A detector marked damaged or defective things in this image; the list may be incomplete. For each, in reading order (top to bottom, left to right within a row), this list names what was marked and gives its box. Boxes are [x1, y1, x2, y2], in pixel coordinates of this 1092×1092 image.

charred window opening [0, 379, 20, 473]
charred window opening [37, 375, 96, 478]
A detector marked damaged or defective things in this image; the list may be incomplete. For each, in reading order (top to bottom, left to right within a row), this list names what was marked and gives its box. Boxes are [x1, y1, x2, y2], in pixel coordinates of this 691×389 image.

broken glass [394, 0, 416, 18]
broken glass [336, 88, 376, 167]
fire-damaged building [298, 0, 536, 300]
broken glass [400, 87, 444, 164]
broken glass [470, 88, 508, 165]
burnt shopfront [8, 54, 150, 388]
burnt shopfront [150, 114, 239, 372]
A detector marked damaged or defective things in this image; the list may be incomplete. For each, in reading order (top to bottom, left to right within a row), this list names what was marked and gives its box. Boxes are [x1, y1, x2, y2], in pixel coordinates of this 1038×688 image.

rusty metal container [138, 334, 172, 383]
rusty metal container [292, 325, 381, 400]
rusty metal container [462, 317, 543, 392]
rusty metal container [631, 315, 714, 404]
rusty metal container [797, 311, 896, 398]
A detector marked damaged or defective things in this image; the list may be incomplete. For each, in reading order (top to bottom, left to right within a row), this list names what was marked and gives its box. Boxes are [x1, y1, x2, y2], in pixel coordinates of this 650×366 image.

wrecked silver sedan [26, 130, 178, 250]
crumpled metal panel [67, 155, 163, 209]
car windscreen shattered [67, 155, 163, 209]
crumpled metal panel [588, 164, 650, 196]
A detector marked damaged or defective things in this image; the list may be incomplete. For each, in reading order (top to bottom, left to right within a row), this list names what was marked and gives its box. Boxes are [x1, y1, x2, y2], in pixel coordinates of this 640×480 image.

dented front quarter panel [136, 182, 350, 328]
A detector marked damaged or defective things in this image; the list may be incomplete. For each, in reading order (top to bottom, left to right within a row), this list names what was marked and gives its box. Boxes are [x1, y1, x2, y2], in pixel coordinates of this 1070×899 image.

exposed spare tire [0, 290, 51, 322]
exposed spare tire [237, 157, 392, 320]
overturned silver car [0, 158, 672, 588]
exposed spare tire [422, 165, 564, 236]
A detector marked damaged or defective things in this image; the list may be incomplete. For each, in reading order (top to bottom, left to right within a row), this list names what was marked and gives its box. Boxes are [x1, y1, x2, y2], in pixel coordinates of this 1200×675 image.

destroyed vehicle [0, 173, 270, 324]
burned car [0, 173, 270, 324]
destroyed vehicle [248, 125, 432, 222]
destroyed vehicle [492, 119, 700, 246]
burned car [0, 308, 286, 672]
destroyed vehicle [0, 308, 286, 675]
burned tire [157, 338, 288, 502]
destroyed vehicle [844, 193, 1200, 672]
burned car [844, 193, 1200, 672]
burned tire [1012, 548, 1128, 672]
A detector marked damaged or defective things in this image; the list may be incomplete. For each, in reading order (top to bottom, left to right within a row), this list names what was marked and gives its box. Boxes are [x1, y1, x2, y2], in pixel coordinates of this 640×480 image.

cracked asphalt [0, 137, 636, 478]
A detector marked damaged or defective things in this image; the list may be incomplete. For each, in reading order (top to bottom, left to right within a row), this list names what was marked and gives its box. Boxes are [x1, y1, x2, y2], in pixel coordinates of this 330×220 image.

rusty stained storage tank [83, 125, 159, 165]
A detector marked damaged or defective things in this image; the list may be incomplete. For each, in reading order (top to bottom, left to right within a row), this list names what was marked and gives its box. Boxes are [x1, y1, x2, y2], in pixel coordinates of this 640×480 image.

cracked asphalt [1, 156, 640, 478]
━━━━━━
> **Instructions for the task**: Exactly reproduce the lines beginning with the one that contains "this 1200×675 image." and ending with the last line of the material, both included. Leave out everything else.

> **Solution to this exercise**:
A detector marked damaged or defective things in this image; the list may be incomplete. For each, in reading order (top to bottom, left to right within a row), this list names what was marked and gives its box. Boxes are [x1, y1, x2, y2], in pixel coordinates of this 1200×675 image.

destroyed vehicle [0, 173, 270, 324]
burned car [0, 173, 270, 324]
destroyed vehicle [248, 125, 432, 222]
destroyed vehicle [492, 119, 700, 246]
burned car [0, 308, 286, 672]
destroyed vehicle [0, 308, 286, 675]
burned tire [157, 338, 288, 502]
destroyed vehicle [844, 193, 1200, 672]
burned car [844, 193, 1200, 672]
burned tire [1012, 548, 1128, 672]
A detector marked damaged or defective things in this image; the list may be incomplete. For each, in reading order (top to bottom, left to right within a row), this list names what was marked and gives its box. Boxes are [x1, y1, x2, y2], in pixel coordinates of this 640×480 image.

cracked asphalt [0, 137, 636, 478]
A detector marked damaged or defective things in this image; the list may be incomplete. For each, in reading order (top to bottom, left to right within a row), this list names what was marked and gives its box. Boxes are [x1, y1, x2, y2], in pixel coordinates of this 330×220 image.

rusty stained storage tank [83, 125, 159, 165]
A detector marked damaged or defective things in this image; the list may be incomplete. For each, in reading order (top to bottom, left to right within a row), this list names what was marked and gives its box. Boxes are [x1, y1, x2, y2], in pixel coordinates of this 640×480 image.

cracked asphalt [1, 156, 640, 478]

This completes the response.